_COLLECTED DATA_
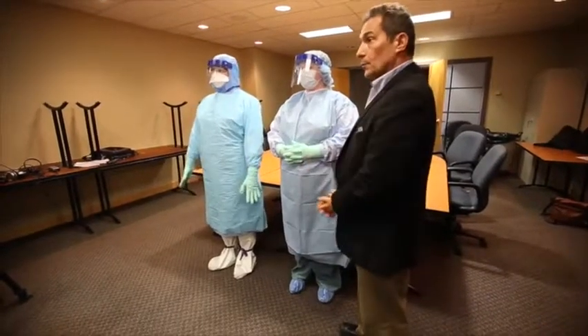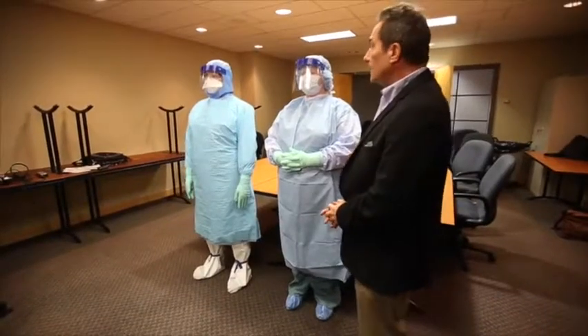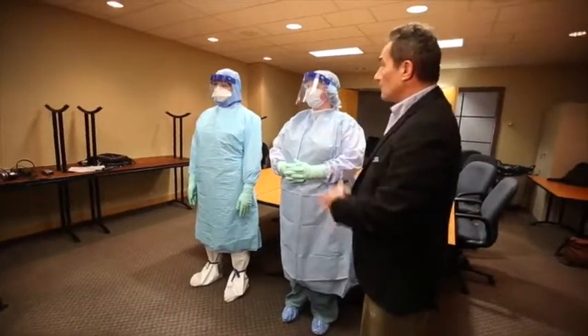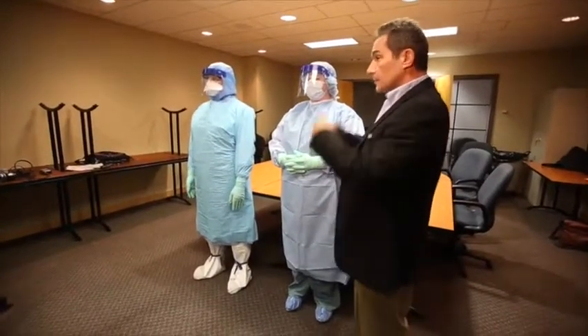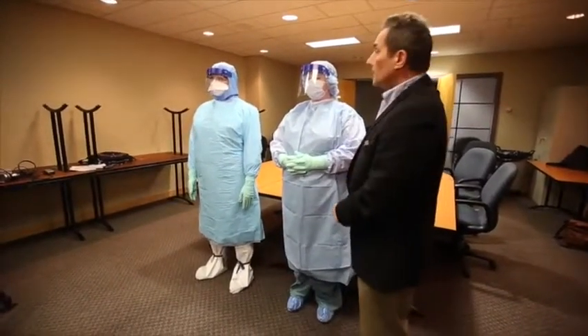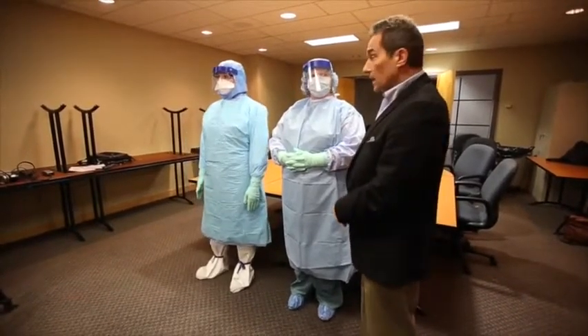To quickly walk you through some of the equipment that we are using and recommending, starting from head to toe: we've got a head cover and a neck cover. You can see that there's protective eyewear, there's a face shield on top, and there is either a surgical mask or in this case a respirator — an N95 respirator.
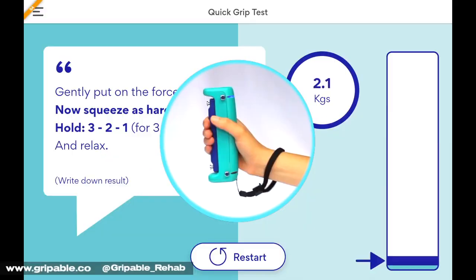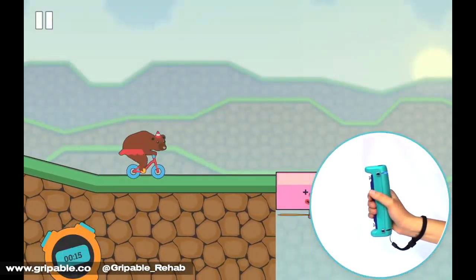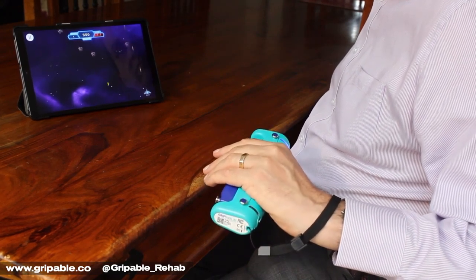Introducing Grippable, the two-in-one assessment instrument and training device that entertains while you train. This smart hand-held instrument connects wirelessly to a mobile app.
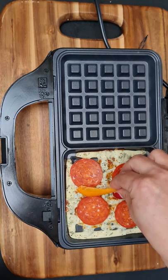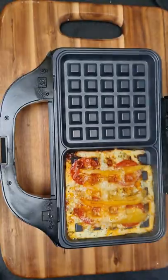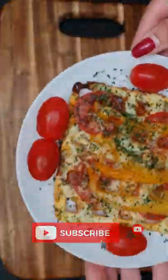My toppings today are pepperoni, yellow pepper, and top it off with a little bit of cheddar cheese for crispiness. A couple of minutes later take it out and enjoy with baby plum tomatoes. Thank you for watching keto family and see you next time with more keto recipes!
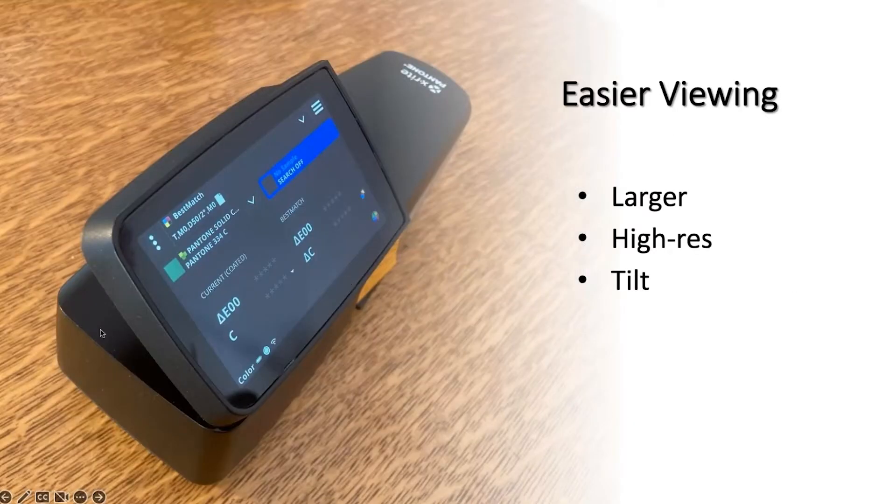We've also improved the viewing screen. It's larger, it's higher resolution, and as you can see here, you can tilt it. That does a number of things: the higher resolution means we can put finer graphics on the screen, and the tilting is really nice especially when working with large packaging materials — boards, sheets, corrugated — where you have to reach far into the sheet to take measurements. You can tip the screen up so you can see it while it's flat on the surface, leave the instrument in place, and just keep moving across taking measurements. It definitely speeds things up.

_TASK GOAL_
Leaving the pictures out, print every line of the listing exactly.

_EXERCISE SOLUTION_
To quickly walk you through some of the equipment that we are using and recommending, starting from head to toe: we've got a head cover and a neck cover. You can see that there's protective eyewear, there's a face shield on top, and there is either a surgical mask or in this case a respirator — an N95 respirator.
Introducing Grippable, the two-in-one assessment instrument and training device that entertains while you train. This smart hand-held instrument connects wirelessly to a mobile app.
My toppings today are pepperoni, yellow pepper, and top it off with a little bit of cheddar cheese for crispiness. A couple of minutes later take it out and enjoy with baby plum tomatoes. Thank you for watching keto family and see you next time with more keto recipes!
We've also improved the viewing screen. It's larger, it's higher resolution, and as you can see here, you can tilt it. That does a number of things: the higher resolution means we can put finer graphics on the screen, and the tilting is really nice especially when working with large packaging materials — boards, sheets, corrugated — where you have to reach far into the sheet to take measurements. You can tip the screen up so you can see it while it's flat on the surface, leave the instrument in place, and just keep moving across taking measurements. It definitely speeds things up.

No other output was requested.